Stories from the road | Last updated:
A Cyclist’s Perspective

By Pankaj Mangal •
Wake up at 6 a.m, brush your teeth, comb your hair. Endure a breakfast at 7.30 a.m, enjoy a chai(tea) at 10.30 a.m, look forward to lunch at 2 p.m and finally look ahead to sundown when you can be back home to loosen your tie and take off those biting shoes. The numbers give us some security in their predictability, cutting up the day into safely manageable chunks of time to measure productivity by; but what do they mean outside of roofed four corner walls?
When the weekends came, even though a part of me would have been content to stay indoors, whiling away the hours of the day in repose and matching those comforting numbers we assign them to television schedules, I would get on my bike and head out into the country. My initial outings taught me more don’ts than do’s – don’t underestimate traffic, don’t forget to bring water, and don’t expect the sun to voluntarily show mercy. But these restrictive lessons didn’t stop a few ‘do’s’ from making themselves apparent – do travel as far as you can, do not overlook the usefulness of google maps combined with a simple distance calculator and then, almost obviously, do be prepared for the occasional flat tire. Like any other exercise, or rather, more fittingly, like some mind altering substance, the more you cycled, the more you wanted to.

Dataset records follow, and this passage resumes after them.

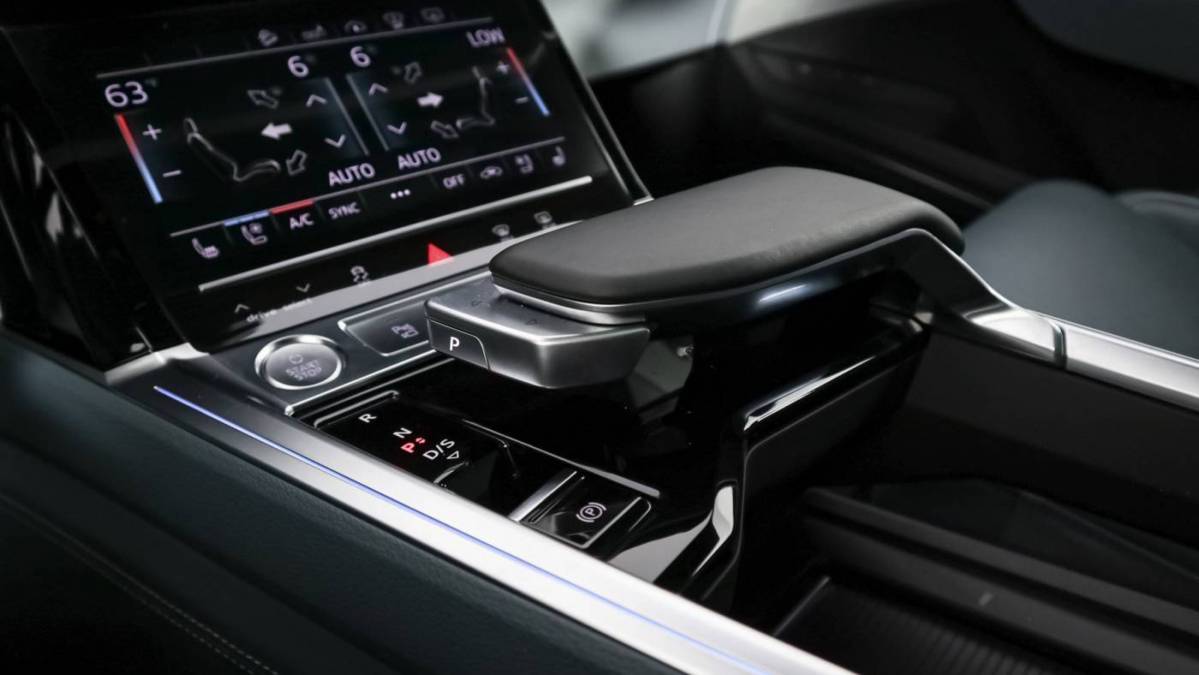 2020 Audi e-tron WA13ABGE4LB032556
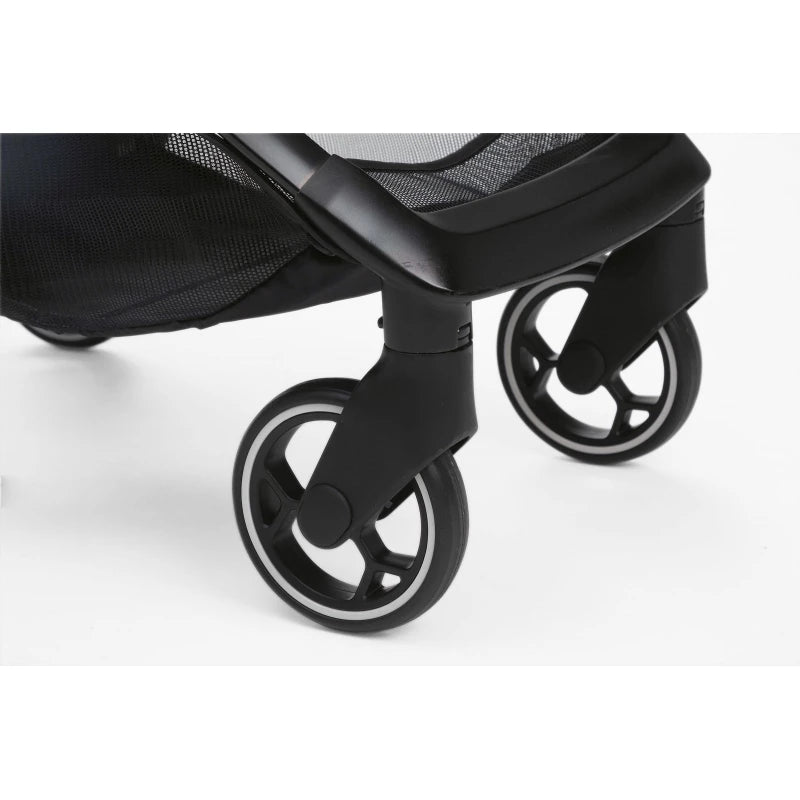 Chicco Baby Buggy We Stroller, Black Color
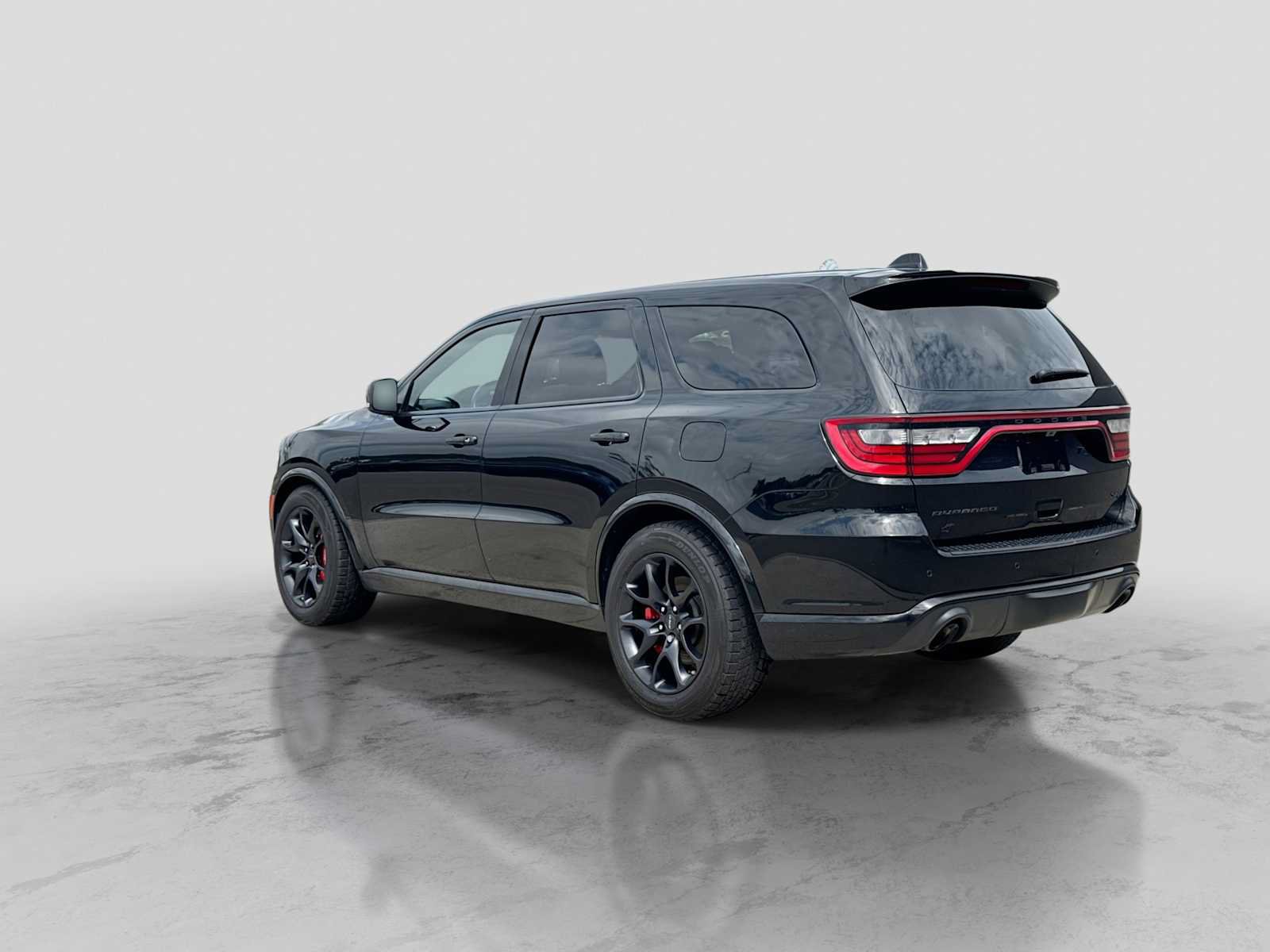 Used 2022 Dodge Durango SRT w/ Black Package AWD/4WD image 4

Eventually, the 2 days of my weekend was steadily reduced to a 30 hour window of opportunity. The town petered out into suburbs and paddy fields, then villages and further on, low hills and the hours of the day meant something different in all of these places. Where the fields would only acknowledge the advent of the sun in sleepy hesitation, the woods turned alive at the crack of dawn, with the songs of a hundred birds celebrating a new day. the chai shops would be filled at first light, it walls all supporting clumps of agricultural tools. This was the time when the day was made, its rhythm set – like the all important coin toss before a cricket match or that broad first stroke of color splayed across a white canvas. The saying, “You’ll have to get up earlier in the morning…”, now made perfect sense.
As the day went on and the sun trudged on to the western extreme of the sky, it’s light, shining through all the filters across its journey of a million miles, turned gold from white, and then red and pink and blue. I was there when that soft light, calmed of its midday heat, played upon the expansive fields of grass swaying under the gentle hand of the cool east wind. That was 6.04 p.m – the only 6.04 p.m there was in the day and I was lucky to have spent it there. Later on, I’d tuck in for the usual 8 hours of the dreamless with an aching back and tired legs. There’d be no medal to show for it, just a peaceful appreciation – a change of perspective.